После этой кровавой рубки. После этой бойни, когда я сама их уничтожила. Я теперь могу и убить. На пол бросить и подвинуть ногой. Наступить, вырвать дарственную надпись и – в черный мешок с желтой затягивающейся петлей.
И лучше вам этого не видеть.
Триада
1. Уваровская триада не перестает томить меня своей гениальностью.
«Православие, самодержавие, народность». Это для краткости, и чтобы царю приятно было, и чтобы неповадно было всяким там якобинцам, иллюминатам и карбонариям с их «либертэ, эгалитэ, фратернитэ». А сами головы братьев из-под гильотины таскали корзинами, fi donc.
Уваровская же триада, троица живоначальная, собирает в единую подвижную конструкцию три власти, три силы: небесную (религия), земную (царь) и подземную, хтоническую, чьи корни ветвятся и уходят невесть куда, и питаются невесть какими подземными реками, и заплетаются, а может, и цветут мертвыми белыми цветами в подземных пещерах, до каковых поди еще докопайся.
Это же совершеннейшее Мировое Древо, Arbor mundi, – верхний мир, средний мир, нижний мир. Верхний гадателен, средний созерцаем, нижний непрогляден и непостижим.
А либертэ, эгалитэ и фратернитэ – просто размазанная по плоскости шебурдень. Не наш это путь.

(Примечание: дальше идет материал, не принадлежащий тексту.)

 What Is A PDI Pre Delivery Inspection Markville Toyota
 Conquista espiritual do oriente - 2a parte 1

Каждый элемент триады тоже не так ведь просто тупо элемент, а представляет собой цветущий сад непостижимостей.
Вот первый. Православие. Ну какое, ей-богу, православие? Это просто желательно, чтобы православие; хорошо бы не забывать, что православие; больше обращать внимание на. Народ ведь норовит так или иначе вернуться в теплую сырую мглу язычества, где неясные огни, тревожные голоса, где за плечом ухает и гугукает, а впереди манит и обещает.

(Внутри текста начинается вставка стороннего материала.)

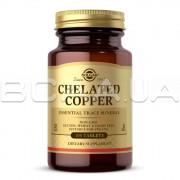 Solgar, Chelated Copper, 100 Tablets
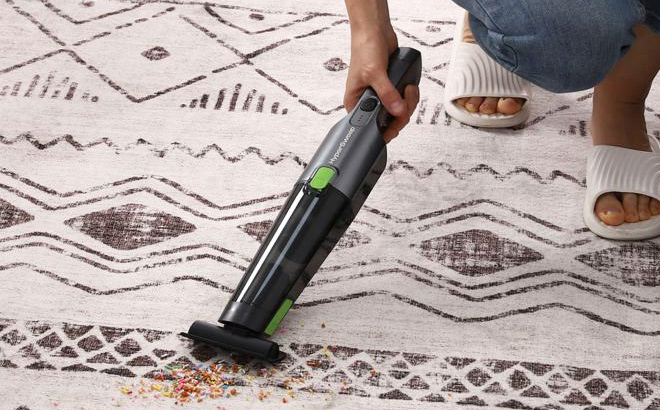 HyperSweep Handheld Cordless Vacuum in Use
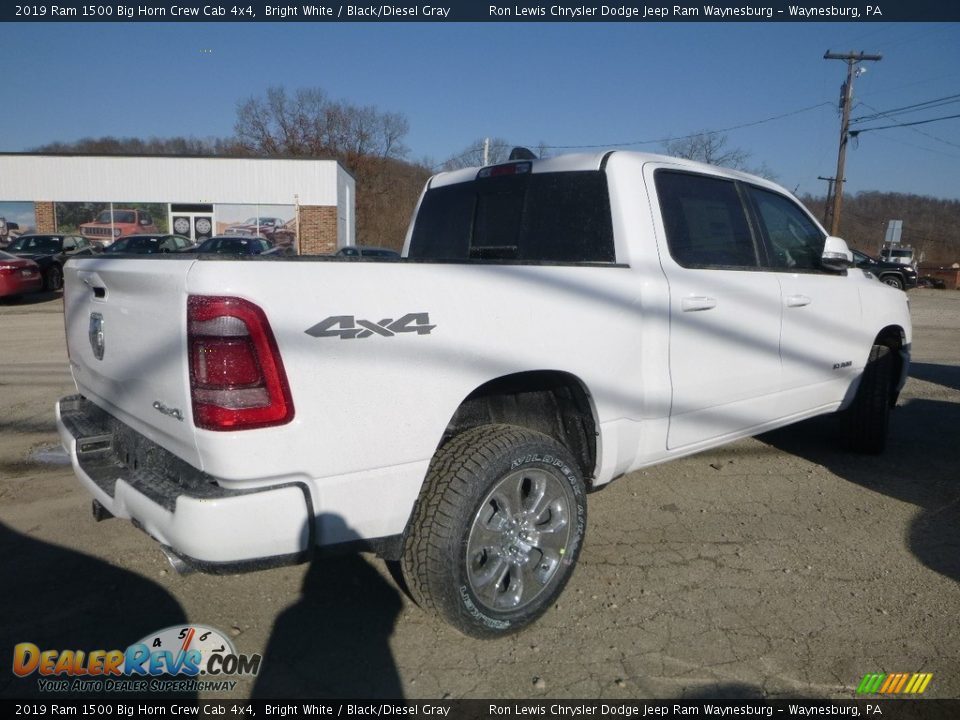 2019 Ram 1500 Big Horn Crew Cab 4x4 Bright White / Black/Diesel Gray Photo #6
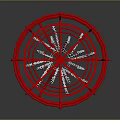 Red K2 Disc Golf Target Basket With Chain And Stand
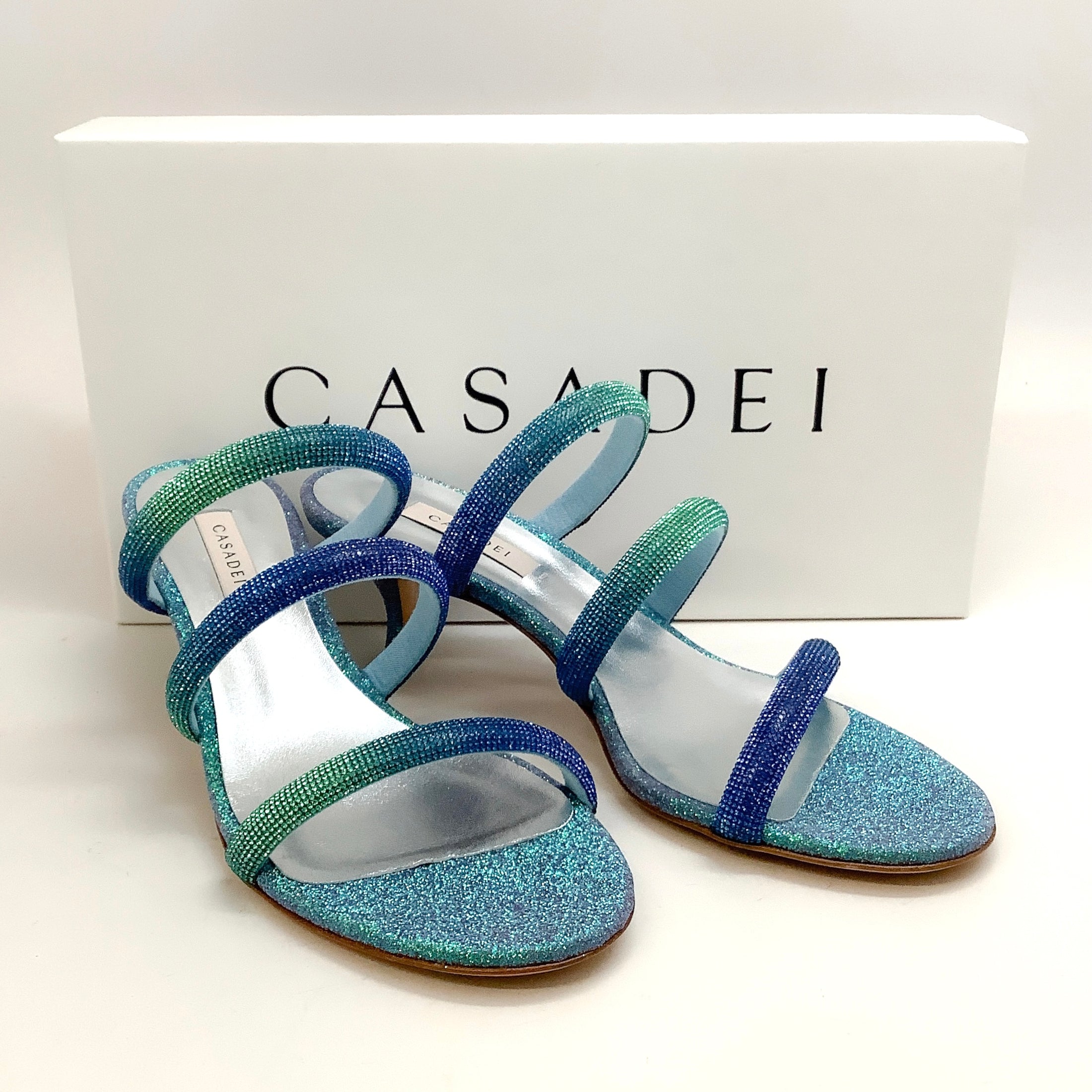 Casadei Dazzle Skylight Hollywood Sandals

Христос упрямствует, ворчит и не хочет показывать чудеса. Ну не хочет он! Ну вот он такой. Лазаря вам – и хватит. Слепого еще, ладно. И все! А человеку нужно чудо, нужно удивительное, живое, праздничное. Чтобы раз! – и. Дверь распахнул – а там! В окошко глянул – и вот! Дед Мороз нужен, на регулярной основе. С подарками. Иначе холодно тут жить и пусто, святые угодники!
Тот факт, что православие и язычество у нас идут рука об руку, совершенно очевиден; в важнейших жизненных ситуациях это просто бросается в глаза. Не успеют невеста с женихом отойти от православного алтаря, как их осыпают языческим зерном, чтобы обеспечить плодородие, чтобы потомство их было как богатый урожай; в тучные годы осыпают пшеницей, а в тощие, как сейчас помню, – стоят две женщины в пустом советском магазине, где уже и пшена не сыскать, и обсуждают, подойдет ли для осыпания кукурузная крупа «Артек».
Или вот очаг? Квартира? Важнейшее, что есть у человека, нора его, гнездо его, частное пространство. Распашонка ли в Нижних Мневниках или пентхауз на Золотой миле – все одно, жилье. Прежде чем въехать, наш человек сначала впустит кота – очистить, потом позовет попа – освятить (можно и в обратном порядке), а уж потом войдет сам. Кот и поп, рука, так сказать, об руку, охраняют нас от зла, разгоняют тьму и веют на нас неизъяснимым благоуханием потустороннего волшебства.
Это при том, что кот, в народном представлении, занимается нехорошими делишками и водится с этой самой нечистью. Зато он же ее и контролирует. Кот – наш делегат в мире нечистой (то есть языческой) силы, наш, можно сказать, предстатель, заступник, василий-угодник. (То же и в Европе, см. Кот-в-Сапогах.)